Shooting In the New Year

Out with the old, in with the new, and don't forget to duck!

Three years ago on New Year's Eve, Danny and Joann Harries threw a small party at their home near the intersection of Montrose and West Gray. Although they had lived in the house for several years, it was the first time they had marked the beginning of a new year there. As midnight approached, a friend named Maggie was the only remaining guest. Then, just before the clock struck 12, the three heard gunshots -- seemingly all around the Harries' home.

"The gunfire erupted," recalls Danny, "and Joann and Maggie promptly jumped out of the couches and got on the floor doing something that simulated the GI crawl, like we were about to be picked off. It sounded like a war zone."

Indeed, during the past several years the crescendo of fire from handguns -- as well as from semi- and not-so-semi automatic weapons -- has become something of an un-wanted and dangerous New Year's Eve tradition in Houston, most notably in inner-city neighborhoods. Some urban survivalists make it a point each December 31 to bring in the pets and then hunker down in their hallways with their favorite beverage until the midnight barrage subsides and it no longer sounds like they're living in downtown Sarajevo.
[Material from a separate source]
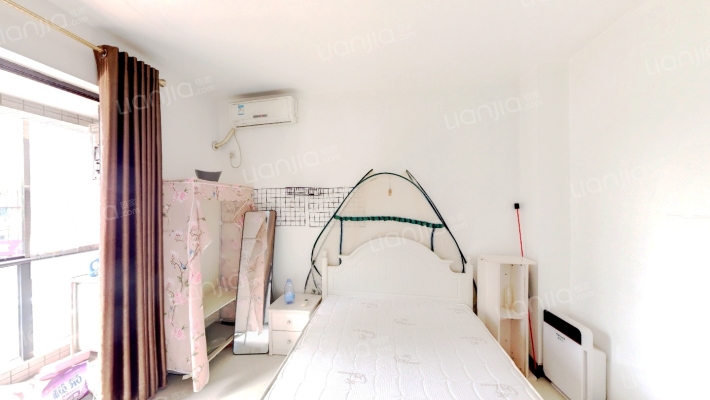 恒福上筑二手房实景图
"There are a lot of people who think this is the way to celebrate," says
Sgt. Brian Foster, a detective in the Houston Police Department's homicide division. "There are a lot of people who honestly believe that the bullets burn up in the atmosphere. The bullets come down at an angle, and an angulated shot is often more dangerous. We had a child a couple of years ago who was shot by a round falling from the sky. Shot him in the back and did serious damage to him. It's a bad situation."
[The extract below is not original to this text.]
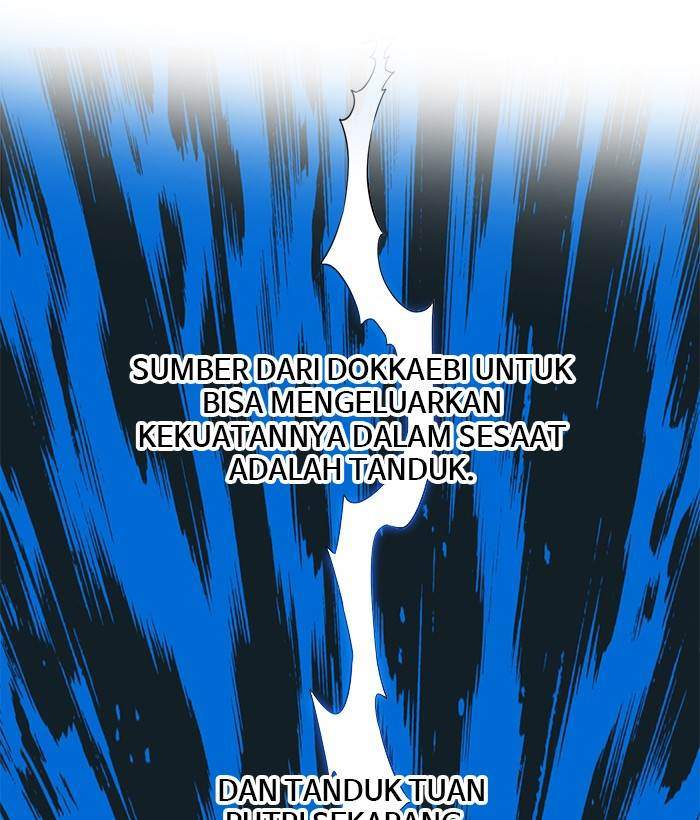 Troll Trap Chapter 157 Gambar 142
HPD officer Adrian Garcia learned the hard way that what goes up most definitely comes down. On New Year's Eve a few years back, Garcia was in Acres Home on the city's northwest side, parked on the side of the road in his patrol car with the window open while writing a report. Suddenly the officer felt a thump on his chest.

"I looked down and a I find a bullet laying on my chest," says Garcia. "Luckily I had my [bullet-proof] vest on. Because, had the bullet maintained its velocity, I could have been a dead guy."
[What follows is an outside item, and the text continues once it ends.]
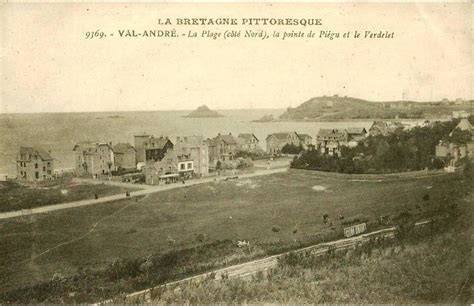 Photos Et Carte Postales Anciennes De Pl Neuf Val Andr Mairie De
Besides the obvious physical danger the random shootings pose to innocent bystanders, the 911 calls that the gunfire generates place an extra burden on HPD's dispatch system.

"The calls just start coming in all at once and they tie up everything," says one police dispatcher. "As a dispatcher you're always afraid that when something like that happens, the real stuff is going to get lost somewhere in the cracks."

While reports of gunshots are widespread across the city each New Year's Eve, Garcia says many complaints to police originate in areas of the city with large Hispanic populations. The officer believes some of the shooting is a carry-over tradition brought by immigrants from rural areas in Mexico and Central America.

"In some Latin American countries you have wide open territory where nobody thinks twice about shooting their handgun in the air," says Garcia.

Paul Leggett is so fearful of the gunfire that he and his family no longer stay at their East End home on New Year's Eve. Leggett, who serves on the board of the Idylwood Civic Association, says the fusillade has gotten so heavy in the past decade that New Year's Eve in his neighborhood now sounds like "World War III." Leggett says he's discussed the problem with police, but doesn't really know what law enforcement officers can do. Too often, by the time officers can respond to a report of New Year's Eve shots being fired, the culprits responsible have either left the scene or gone back inside their homes.

"It's incredibly irresponsible," says Leggett. "I guess it's sort of the Wild West mentality."

So Happy New Year's, Houstonians, and remember to keep your head down.